Now he has real power—and the town starts to crack. After an earthquake, Oak Street residents complain about discolored water, drifting grit, and a pattern of rare illness. Gil follows Rayborn Energy’s injection-well invoices, but a visible code violation becomes the pivot: a wide public staircase built without a center handrail—proof that “life safety” can be ignored in plain sight.
The deeper discovery is worse: a yellowed material requisition for Oak Street’s foundations—1,638 cubic yards of “reclaimed” fill sand—sourced from a downwind reclamation site near an old proving ground. Lab work flags hot particulates not just in the water, but in basement cracks and beneath slabs. The betrayal isn’t administrative. It’s structural: the poison is in what the town is built on.

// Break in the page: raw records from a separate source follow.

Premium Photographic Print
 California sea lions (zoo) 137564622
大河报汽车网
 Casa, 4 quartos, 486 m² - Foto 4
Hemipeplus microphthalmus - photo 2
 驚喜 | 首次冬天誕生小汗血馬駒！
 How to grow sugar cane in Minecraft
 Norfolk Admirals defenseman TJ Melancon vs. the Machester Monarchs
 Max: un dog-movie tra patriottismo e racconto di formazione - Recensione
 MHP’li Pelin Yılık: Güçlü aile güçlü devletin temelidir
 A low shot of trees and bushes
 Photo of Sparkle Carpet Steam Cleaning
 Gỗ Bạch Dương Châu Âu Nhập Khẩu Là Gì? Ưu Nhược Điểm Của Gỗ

As Gil maps the baseline wind path along the mountain range—where dust rides like a river—his private math turns universal. The number 43 stops being a turnout anomaly and becomes a threshold: the one case, one vote, one missing body that makes a “cluster” impossible to bury. In the final shot, the camera descends through floorboards to ordinary sand as a Geiger counter begins to click.
The pattern was never real. The foundation was.
Tone: The Holdovers meets Dark Waters with the heart of King of Hearts—an intimate, slow-burn forensic thriller about institutional failure, visible vs. invisible safety, and the arithmetic of grief.